Category Archives: Region Specific Guidance

Mali and Algeria Security Updates (25 February 2013)

Posted on in Algeria, Mali, Region Specific Guidance title_rule

After nearly two months of fighting, French President François Hollande has announced that French troops are currently engaged in the final phase of fighting Islamist militants in the northern region of Mali.  French officials have confirmed that over the past weekend, there has been an increase of fighting in the Ifoghas mountains where a number of al-Qaeda in the Islamic Maghreb (AQIM) militants are reportedly hiding.  Fighting continued into Sunday when French warplanes targeted an Islamist base in Infara.
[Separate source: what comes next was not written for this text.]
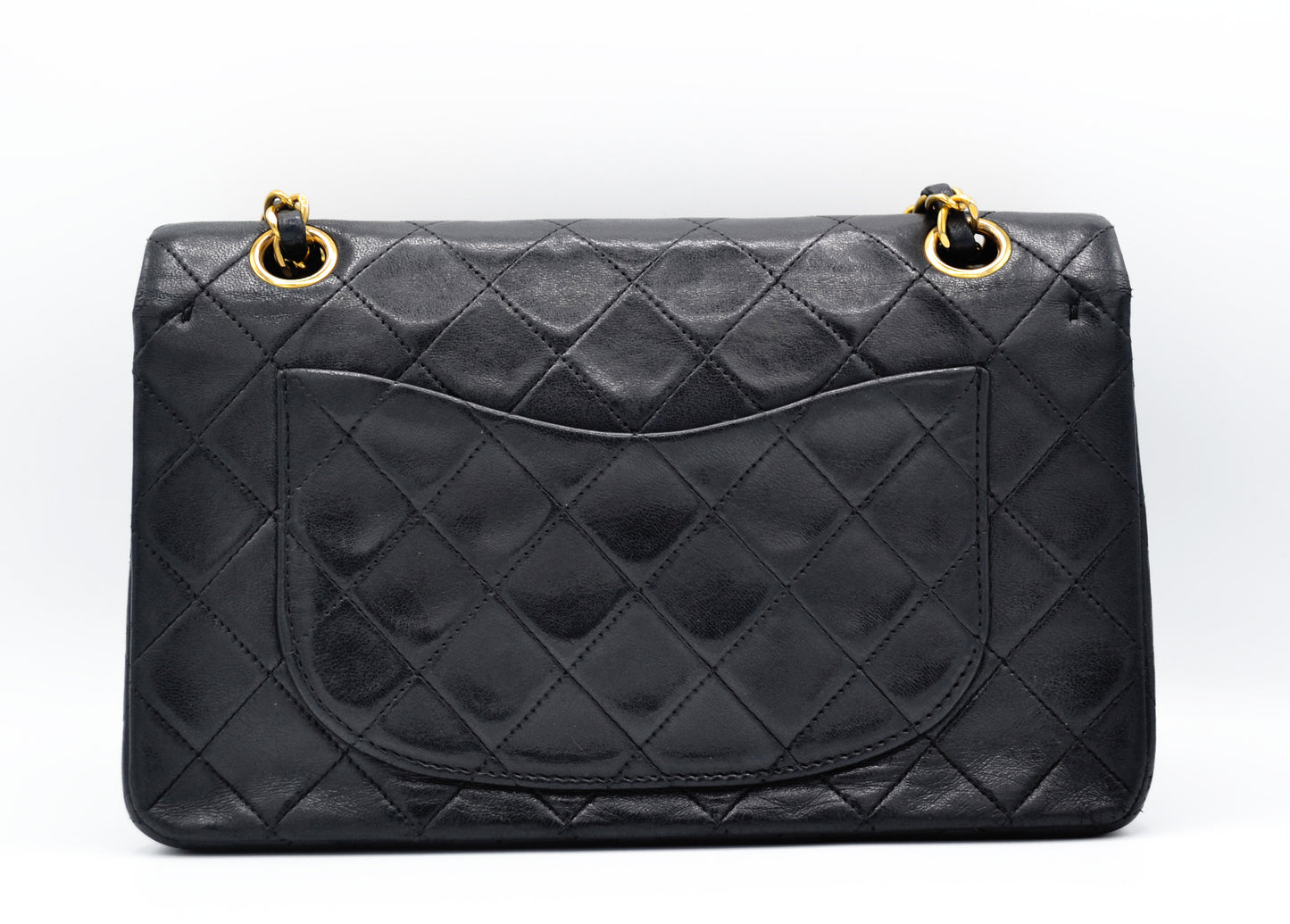 SAC BANDOULIÈRE CHANEL TIMELESS 23CM DOUBLE FLAP EN CUIR MATELASSE NOIR - Soline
Speaking in Paris on Saturday, President Hollande indicated that Chadian troops had launched an attack on Friday which resulted in significant loss of life.  According to the Chadian army, thirteen soldiers from Chad and some sixty-five militants were killed in clashes that occurred on Friday.  This latest fighting, between the Islamist militants and ethnic Tuaregs, occurred in the In-Khalil area, which is situated near the northern border town of Tessalit.  Security sources have confirmed that four members of the Arab Movement of the Azawad (MAA) were wounded on Sunday after French warplanes launched an attack on an Islamist base in Infara, which is located 30 km (19 miles) from the border of Algeria.

With airstrikes continuing throughout Mali, and especially in the northern mountainous regions of the country, it is likely that hit-and-run attacks may be staged in a number of towns over the coming weeks.  In turn, with France slowly wrapping up its military intervention, and with operations being handed over to the African Union forces, militants may use this opportunity in order to clash with locals and army forces in a bid to exploit the fluid security situation.  Furthermore, any militants who have fled the airstrikes in Mali may be regrouping in other countries and may attempt to stage hit-and-run attacks in neighbouring countries and/or in those African states that have provided troops for the intervention.  The United States Embassy in Senegal has warned its citizens of a possible attack in the capital city of Dakar.  Although no further information has been provided, any such attacks may be carried out by Islamist militants from Mali or may be indirectly linked to the Malian intervention.

Meanwhile in Algeria, the gas plant that was at the centre of a deadly hostage-taking last month has partially resumed production.  Ever since al-Qaeda-linked gunmen stormed the plant and took hundreds of local and dozens of foreign workers hostage, the Tiguentourine plant has been closed.  The hostage crisis ended after four days when the Algerian army stormed by complex.  The incident left twenty-nine insurgents and at least thirty-seven hostages dead.  Officials have indicated that the plant is now operating at about a third of capacity.  Since the incident, the plant has increased its security, with armed guards being deployed in order to help protect Algeria’s remote desert energy installations.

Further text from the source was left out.